■ Aim of the task
Print nothing but the lines below starting at the line that holds "Komplet krzeseł 6 sztuk drewnianych, jasne" and ending at the line that holds "Santo Domingo Colorblock", including both, each exactly as written.

■ The data

--- START ---

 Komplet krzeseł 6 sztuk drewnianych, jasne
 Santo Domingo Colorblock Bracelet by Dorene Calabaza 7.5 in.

--- END ---
--- START ---

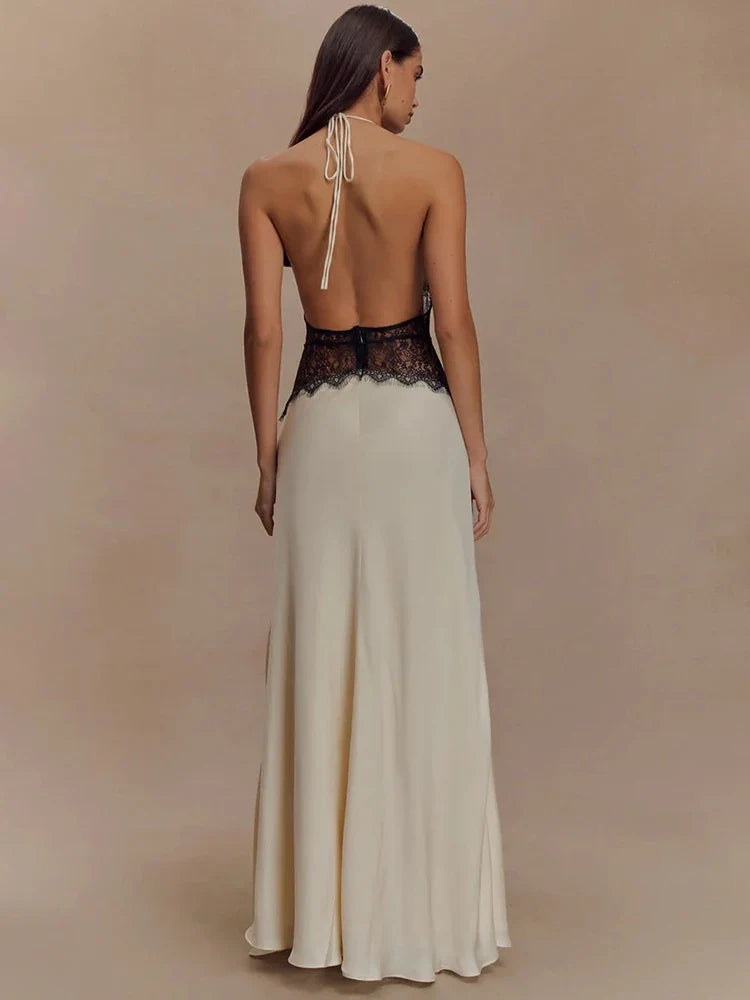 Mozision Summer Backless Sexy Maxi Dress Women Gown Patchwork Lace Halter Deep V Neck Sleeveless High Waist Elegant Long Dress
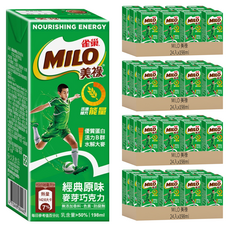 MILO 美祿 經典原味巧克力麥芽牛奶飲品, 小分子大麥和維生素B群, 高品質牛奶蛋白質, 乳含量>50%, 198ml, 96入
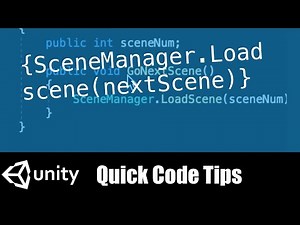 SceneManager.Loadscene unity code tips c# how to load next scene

--- END ---

■ Final answer
 Komplet krzeseł 6 sztuk drewnianych, jasne
 Santo Domingo Colorblock Bracelet by Dorene Calabaza 7.5 in.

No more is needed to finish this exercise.